Probing the electronic structure and photophysics of thiophene-diketopyrrolopyrrole derivatives in solution

TL;DR

This study investigates the electronic structure and photophysical behavior of thiophene-diketopyrrolopyrrole derivatives using ultrafast spectroscopy, revealing how electronic states influence optical properties and fluorescence efficiency.

Contribution

It provides new insights into the excited-state dynamics of TDPP molecules, linking electronic structure to optical properties through ultrafast transient absorption analysis.

Findings

Photophysics governed by two distinct excited states with different electronic characters.

Fluorescence quantum yields vary by 1-2 orders of magnitude among TDPP prototypes.

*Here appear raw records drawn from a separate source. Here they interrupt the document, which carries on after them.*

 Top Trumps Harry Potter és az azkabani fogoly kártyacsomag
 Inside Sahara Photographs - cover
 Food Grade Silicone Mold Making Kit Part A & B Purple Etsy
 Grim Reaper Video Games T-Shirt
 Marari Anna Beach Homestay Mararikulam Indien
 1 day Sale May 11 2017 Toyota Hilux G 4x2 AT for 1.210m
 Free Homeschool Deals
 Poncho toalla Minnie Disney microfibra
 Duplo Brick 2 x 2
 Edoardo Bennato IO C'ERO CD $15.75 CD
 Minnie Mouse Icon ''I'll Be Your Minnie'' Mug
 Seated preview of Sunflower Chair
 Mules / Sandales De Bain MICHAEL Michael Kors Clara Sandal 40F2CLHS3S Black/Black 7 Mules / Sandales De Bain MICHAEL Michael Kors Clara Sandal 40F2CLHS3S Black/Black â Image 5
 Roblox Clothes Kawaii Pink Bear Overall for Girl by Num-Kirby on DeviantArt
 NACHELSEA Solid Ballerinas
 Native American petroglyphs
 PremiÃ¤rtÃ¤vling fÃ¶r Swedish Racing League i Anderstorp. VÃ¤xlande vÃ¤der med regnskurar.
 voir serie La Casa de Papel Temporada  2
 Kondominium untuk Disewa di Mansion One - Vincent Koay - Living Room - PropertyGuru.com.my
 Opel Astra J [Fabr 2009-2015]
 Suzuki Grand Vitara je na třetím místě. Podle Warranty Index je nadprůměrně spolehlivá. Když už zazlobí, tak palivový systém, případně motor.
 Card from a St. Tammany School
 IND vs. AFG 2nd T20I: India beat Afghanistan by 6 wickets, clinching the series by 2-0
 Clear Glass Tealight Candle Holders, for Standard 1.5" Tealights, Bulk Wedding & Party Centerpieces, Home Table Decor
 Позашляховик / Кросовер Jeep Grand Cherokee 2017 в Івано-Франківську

Non-radiative transfer mediated by conical intersections influences excited-state dynamics.

Abstract

Diketopyrrolopyrroles are a popular class of electron-withdrawing unit in optoelectronic materials. When combined with electron donating side-chain functional groups such as thiophenes, they form a very broad class of donor-acceptor molecules: thiophene-diketopyrrolopyrroles (TDPPs). Despite their widescale use in biosensors and photovoltaic materials, studies have yet to establish the important link between the electronic structure of the specific TDPP and the critical optical properties. To bridge this gap, ultrafast transient absorption with 22 fs time resolution has been used to explore the photophysics of three prototypical TDPP molecules: a monomer, dimer and polymer in solution. These studies show that the photophysics of these molecular prototypes under visible photoexcitation are determined by just two excited electronic states, having very different electronic characters (one is optically bright, the other dark), their relative energetic ordering and the timescales for internal conversion from one to the other and/or to the ground state. The underlying difference in electronic structure alters the branching between these excited states and their associated dynamics. In turn, these factors dictate the fluorescence quantum yields, which are shown to vary by ~1-2 orders of magnitude across the TDPP prototypes investigated here. The fast non-radiative transfer of molecules from the bright to dark states is mediated by conical intersections. Remarkably, wavepacket signals in the measured transient absorption data carry signatures of the nuclear motions that enable mixing of the electronic-nuclear wavefunction and facilitate non-adiabatic coupling between the bright and dark states.